Records provided below:

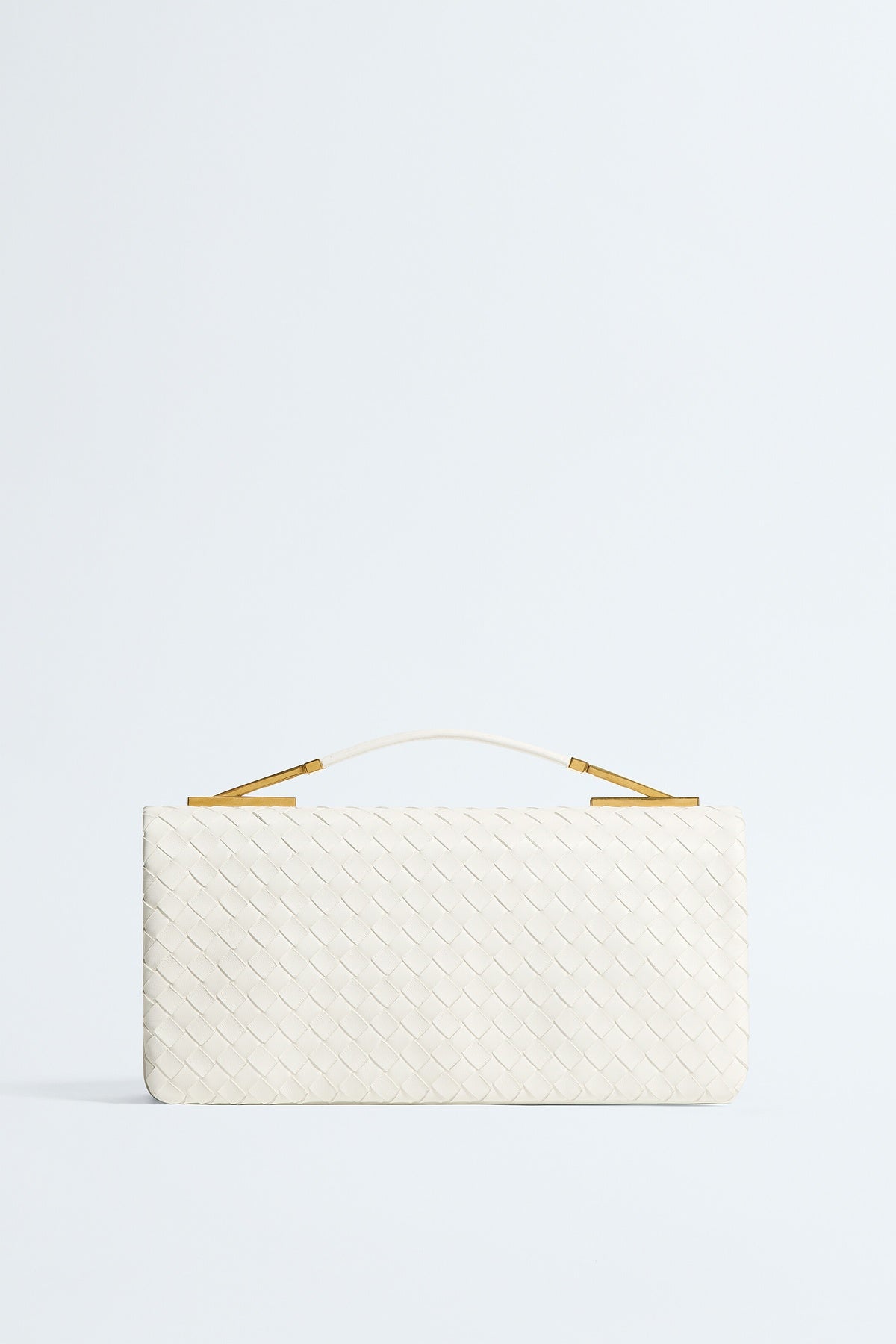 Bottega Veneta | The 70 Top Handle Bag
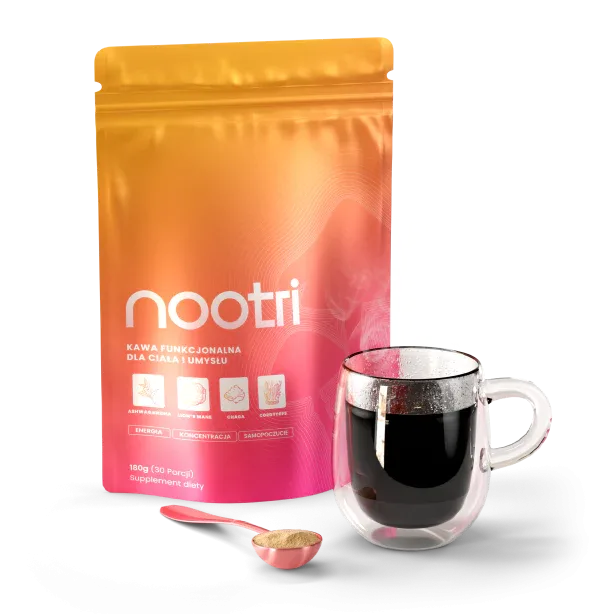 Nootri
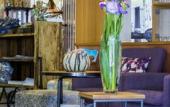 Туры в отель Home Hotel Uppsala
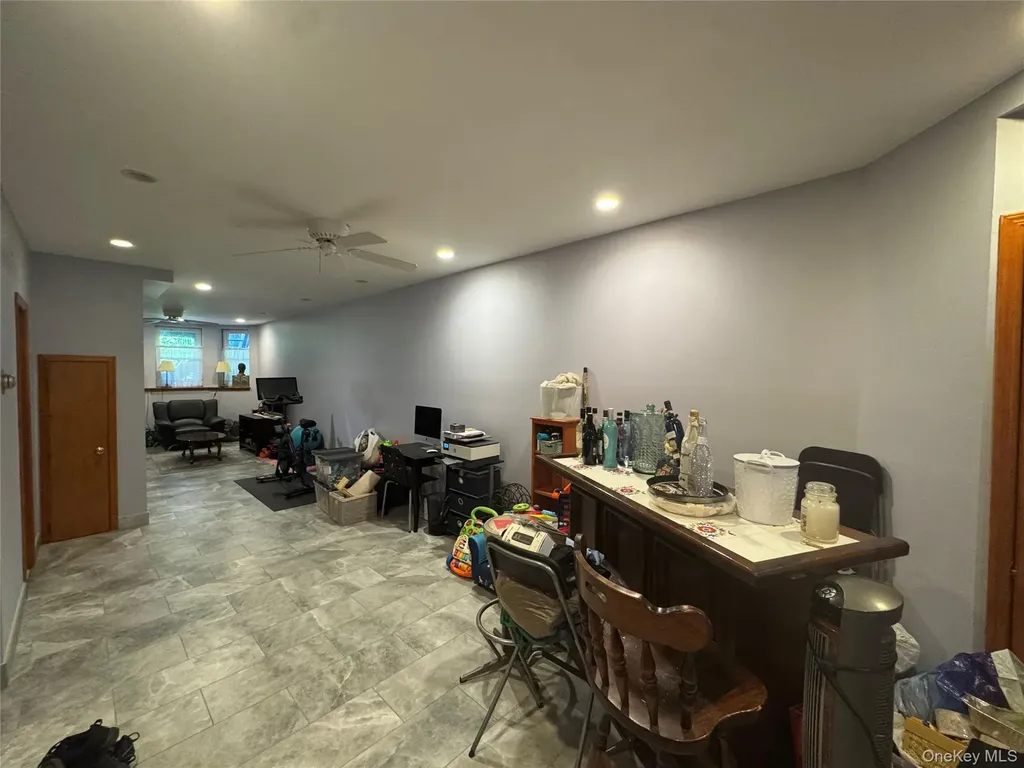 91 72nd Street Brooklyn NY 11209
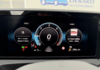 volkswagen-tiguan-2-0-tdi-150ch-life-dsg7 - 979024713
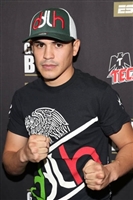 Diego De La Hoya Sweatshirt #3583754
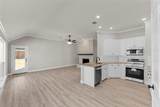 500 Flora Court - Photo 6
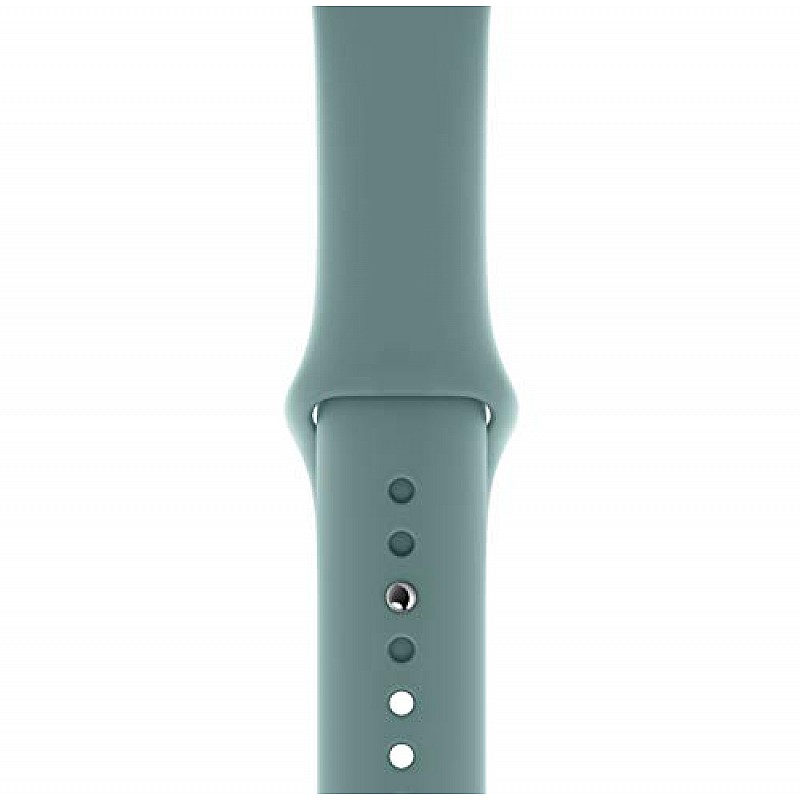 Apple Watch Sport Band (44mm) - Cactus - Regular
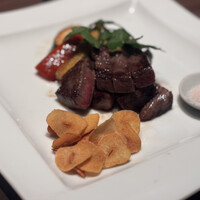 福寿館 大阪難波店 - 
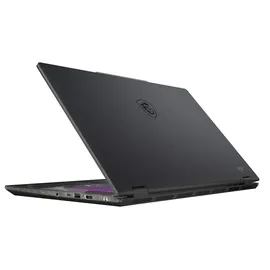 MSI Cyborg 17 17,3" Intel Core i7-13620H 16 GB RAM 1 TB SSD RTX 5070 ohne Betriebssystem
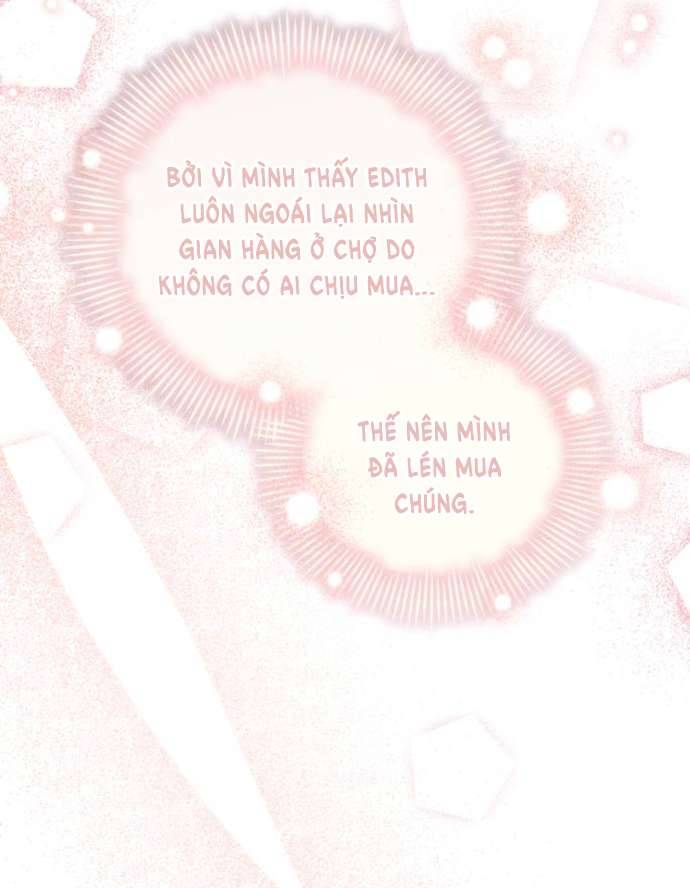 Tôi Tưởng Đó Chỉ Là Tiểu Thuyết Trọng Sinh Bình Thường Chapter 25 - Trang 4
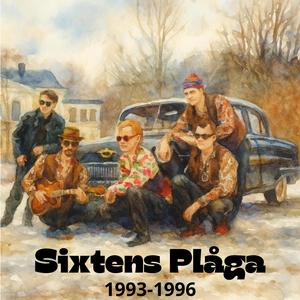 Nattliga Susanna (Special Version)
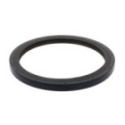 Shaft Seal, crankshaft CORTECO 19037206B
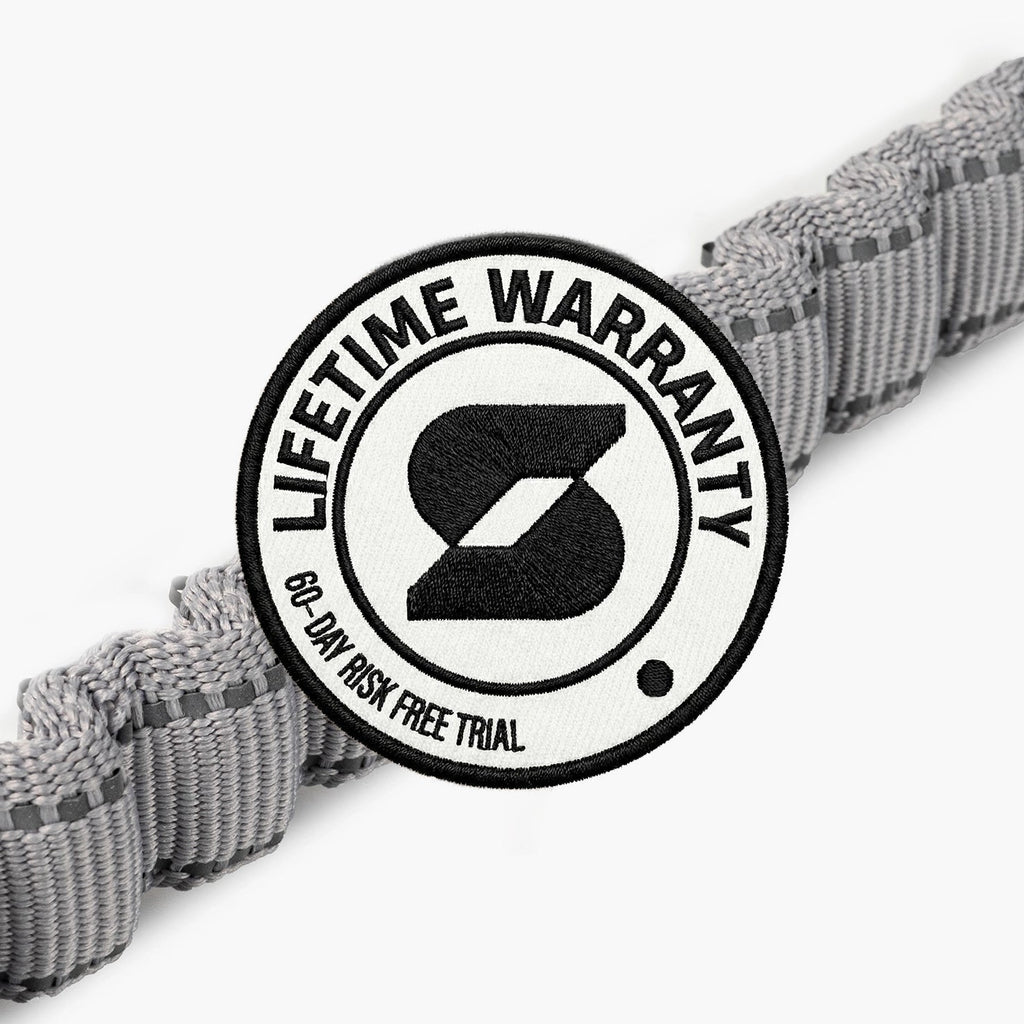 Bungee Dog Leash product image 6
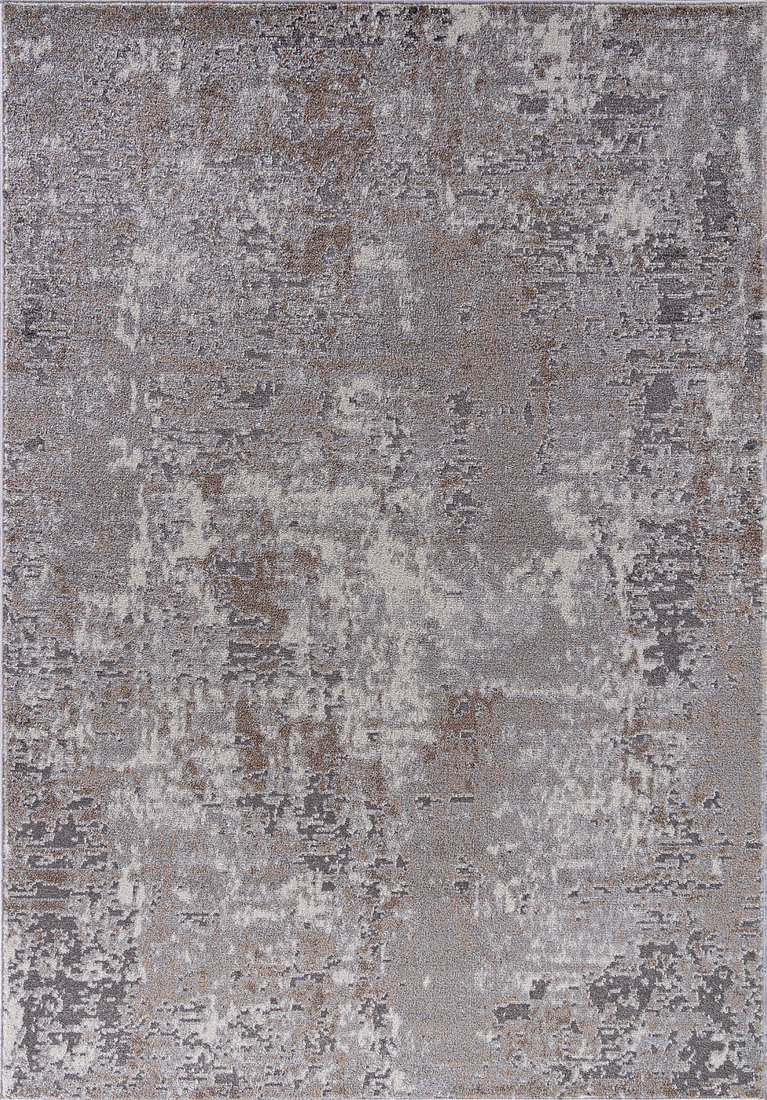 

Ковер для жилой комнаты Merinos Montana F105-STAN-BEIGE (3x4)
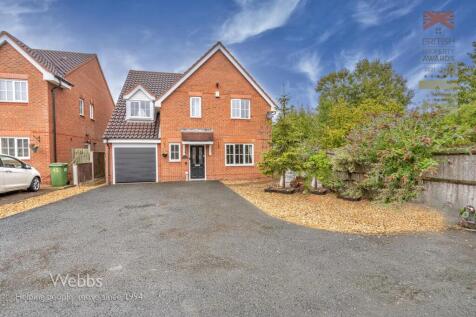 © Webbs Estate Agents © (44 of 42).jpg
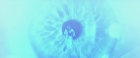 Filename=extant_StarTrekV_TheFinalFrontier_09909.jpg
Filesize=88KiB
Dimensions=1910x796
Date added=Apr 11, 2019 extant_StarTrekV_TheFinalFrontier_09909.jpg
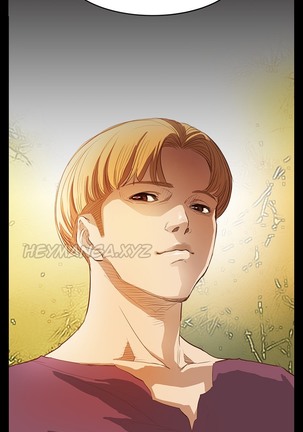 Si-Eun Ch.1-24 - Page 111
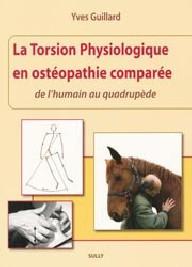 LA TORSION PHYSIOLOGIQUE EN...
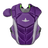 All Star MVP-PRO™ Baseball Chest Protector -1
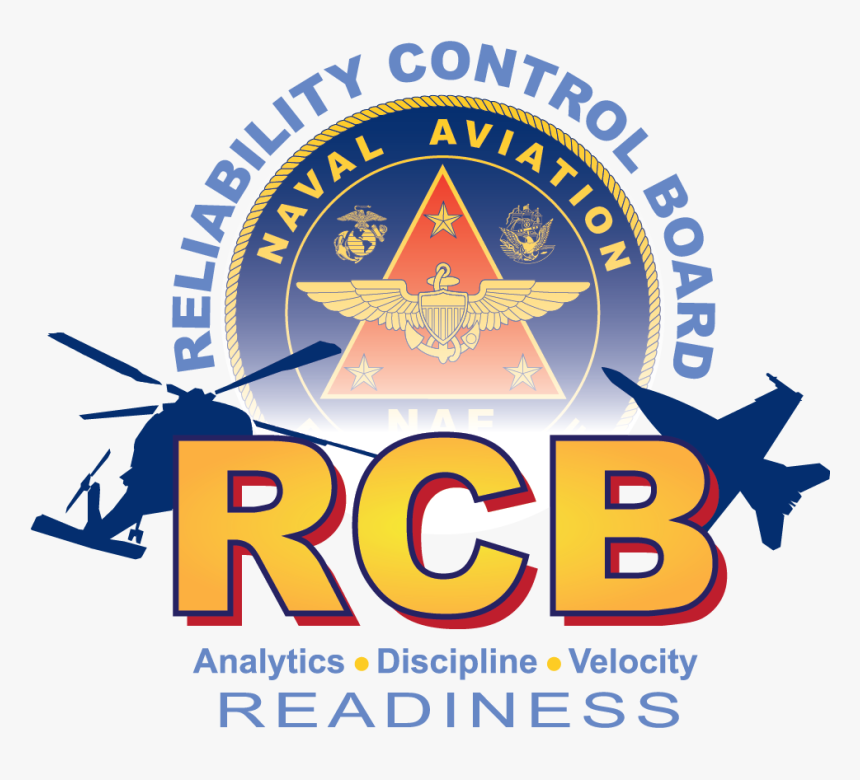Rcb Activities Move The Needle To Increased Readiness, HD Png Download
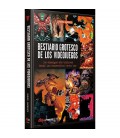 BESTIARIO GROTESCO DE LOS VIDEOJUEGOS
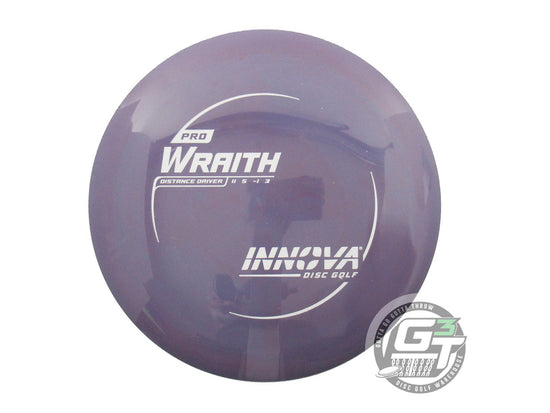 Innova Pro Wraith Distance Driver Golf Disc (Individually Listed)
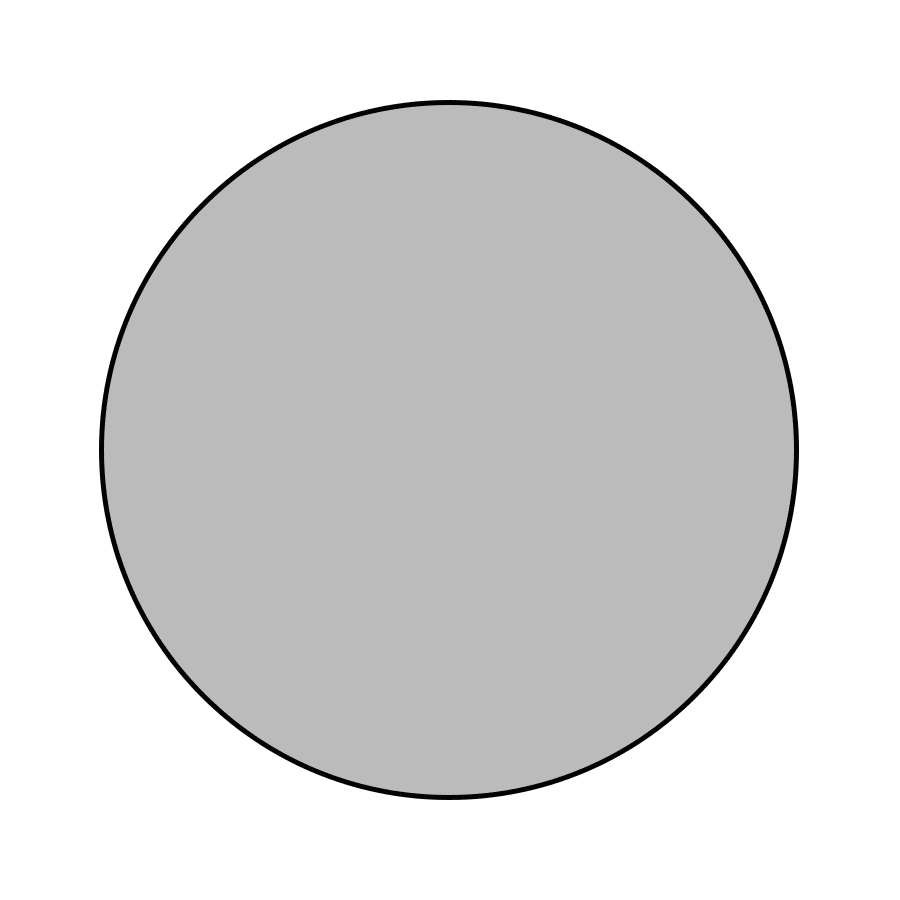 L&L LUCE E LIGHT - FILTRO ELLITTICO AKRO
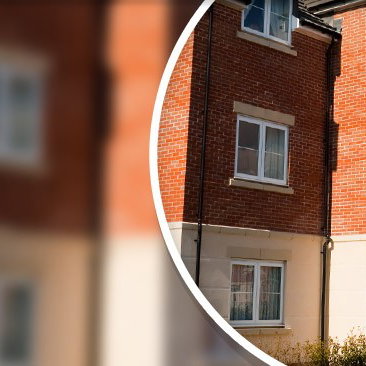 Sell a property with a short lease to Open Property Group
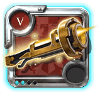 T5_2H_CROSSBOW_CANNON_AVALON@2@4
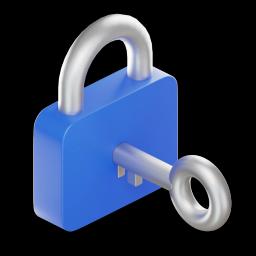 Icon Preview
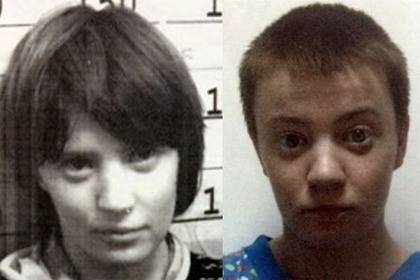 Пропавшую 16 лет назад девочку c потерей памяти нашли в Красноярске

End of Records provided.

Make an exact copy of the records from their first line through the line containing "Tôi Tưởng Đó", both ends included, with the pictures omitted.

Your response:
 Bottega Veneta | The 70 Top Handle Bag
 Nootri
 Туры в отель Home Hotel Uppsala
 91 72nd Street Brooklyn NY 11209
 volkswagen-tiguan-2-0-tdi-150ch-life-dsg7 - 979024713
 Diego De La Hoya Sweatshirt #3583754
 500 Flora Court - Photo 6
 Apple Watch Sport Band (44mm) - Cactus - Regular
 福寿館 大阪難波店 - 
 MSI Cyborg 17 17,3" Intel Core i7-13620H 16 GB RAM 1 TB SSD RTX 5070 ohne Betriebssystem
 Tôi Tưởng Đó Chỉ Là Tiểu Thuyết Trọng Sinh Bình Thường Chapter 25 - Trang 4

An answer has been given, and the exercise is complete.